Desde ya, Gabriela ganó ese torneo y confirmó su condición de campeona mundial de la categoría, que le valió ser una de las estrellas de la fiesta anual de los Campeones de la Federación Internacional de Tenis, durante Roland Garros, en junio de 1985. Tanto traccionaba la figura de Gaby, con apenas 15 años recién cumplidos, tantas puertas abría su imagen de tenista entre genial y ofuscada, que hasta nosotros, periodistas argentinos, fuimos invitados especiales a la gala. Compartí mesa y celebración con los queridos Guillermo Salatino –por entonces un mix entre hermano mayor y padre adoptivo a cargo del niño viajero-, Juano Moro y Chiche Almozny. Fue por Gabriela que, por única vez en mi vida, use un smoking.

Gaby Sabatini - Gonzalo Bonadeo
El autor y Gaby como entrevistada al borde una cancha. Una imagen repetida a través de los años

Para que tengan una idea de la magnitud de las vivencias que morirán a resguardo en el cajón de los recuerdos entrañables, aquella gira de diciembre del ‘84 terminó a fines de enero del ‘85. El mismísimo Orange Bowl finalizó la tarde de Nochebuena y la Copa Rolex, en la Academia Harry Hopman de Port Washington, etapa siguiente, atravesó Año Nuevo. Es más. Siendo que cumplo años el 6 de enero, los Sabatini me invitaron a celebrarlo en la casa que Pato Apey, su coach de entonces, les habilitaba el Key Biscayne. Ese dia, en esa casa, aprendí que, si el lavarropas que estás usando es automático, es bueno que, para sacar la ropa, esperes al centrifugado. Tal vez por eso no entendía por qué seguía tan húmedo lo que aproveche a lavar un rato antes de tomar el vuelo camino a una exhibición de Guillermo Vilas, en Las Vegas. Vale la anécdota, fundamentalmente, porque no hubo ocasión en la que la querida Betty, mamá de Gaby, no me recordara que no fue sino ella quien se encargó de secar la ropa y llevármela a la capital norteamericana, donde Gabriela jugó su primer torneo profesional del año, perdiendo en primera rueda y en sets corridos con la local Camille Benjamin, una zurda larga y cortas de vista de esas que usan lentes que parecen agrandarte los ojos.

Siempre en el corazón Osvaldo y Beatriz, desde donde quiera que estén nos estén cuidando.

A veces, cuando me agarra la melancolía de la retrospección me cuesta creer todo lo vivido. Algo así como cuando te piden elegir entre Maradona y Messi. Más que elegir me pregunto que habré hecho de bueno para merecer haber disfrutado de los dos.
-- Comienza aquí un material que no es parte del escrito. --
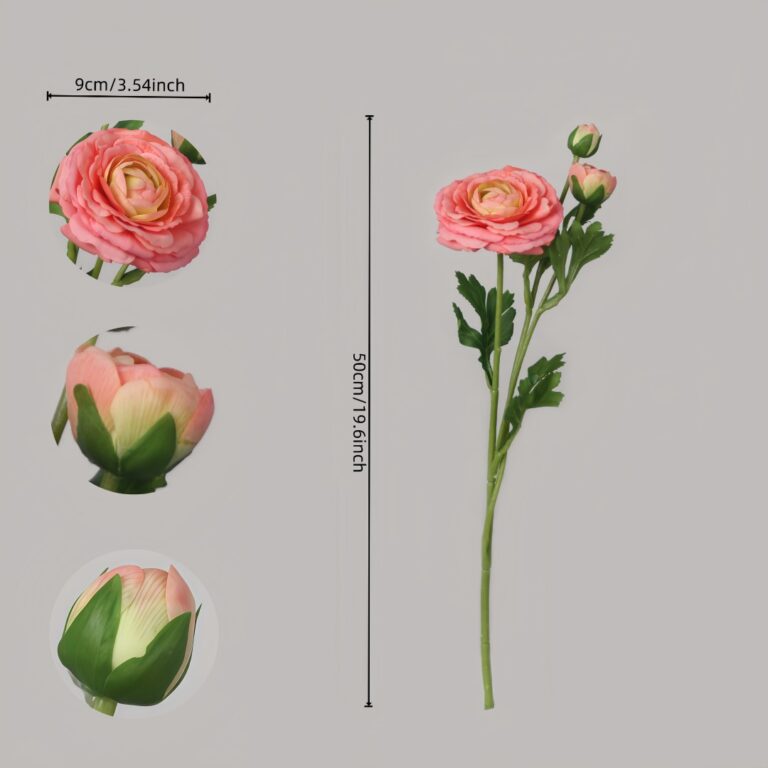 Artificial ranunculus flower stem size reference showing 50cm height and 9cm bloom diameter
Aún más. Qué habré hecho de bueno para que, cada vez que me la encuentro, sienta que, lejos de diluirse por la distancia, el afecto que destila Gaby es cada vez más adorable y genuino.
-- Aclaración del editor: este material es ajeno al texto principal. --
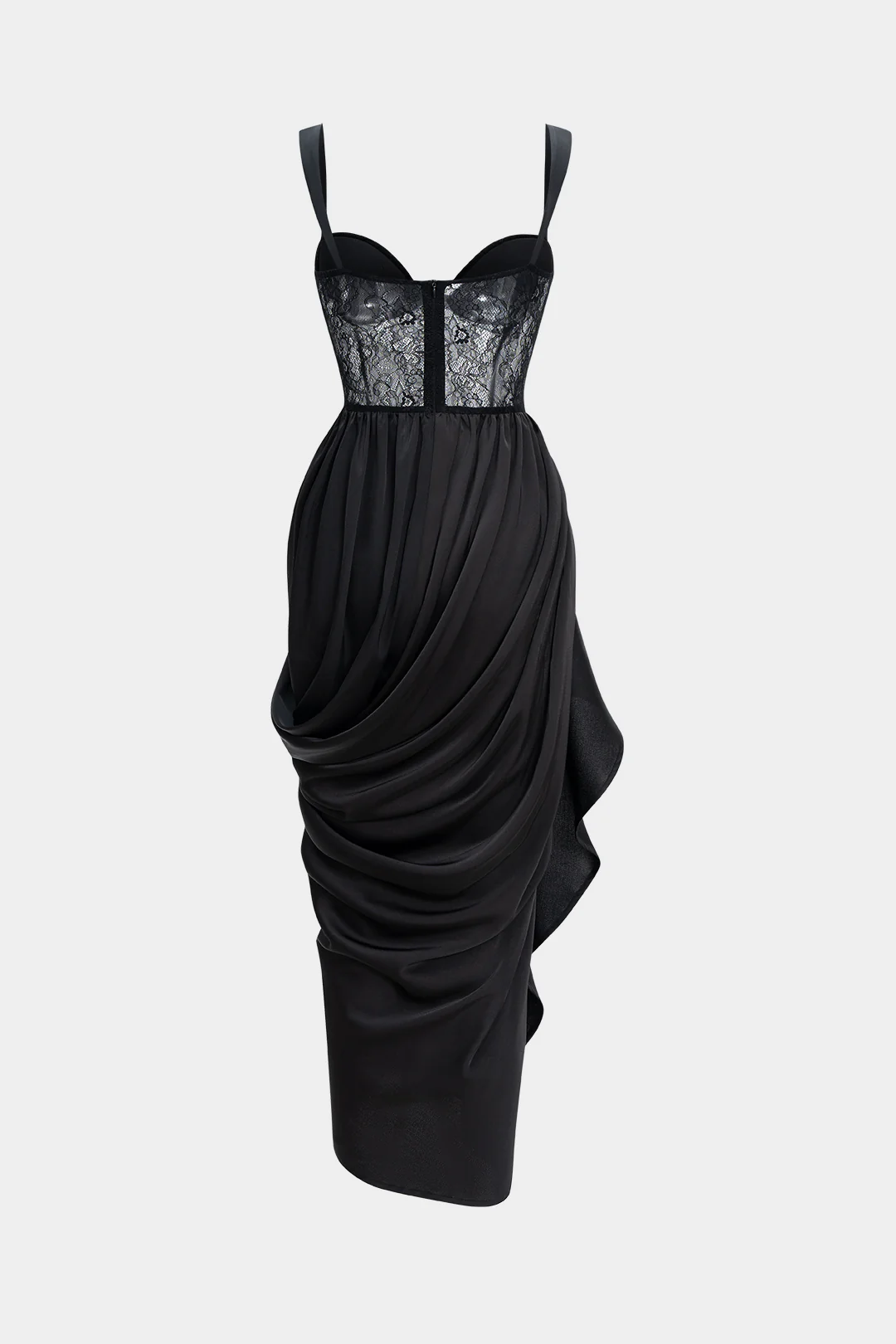 Satin Patchwork Ruched Asymmetrical Sleeveless Maxi Dress - Weenar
Y un poco más. Cuál será la virtud por la que, hace pocas noches, el destino me regaló el reencuentro con ella, en ocasión del centenario del Comité Olímpico Argentino, y con Delpo sentado en la otra silla de los entrevistados.

Como ocurre con las amistades del secundario, con Gabriela también me pasa eso de que basta una sola mirada para sentir que todo sigue igual. Igual de bien.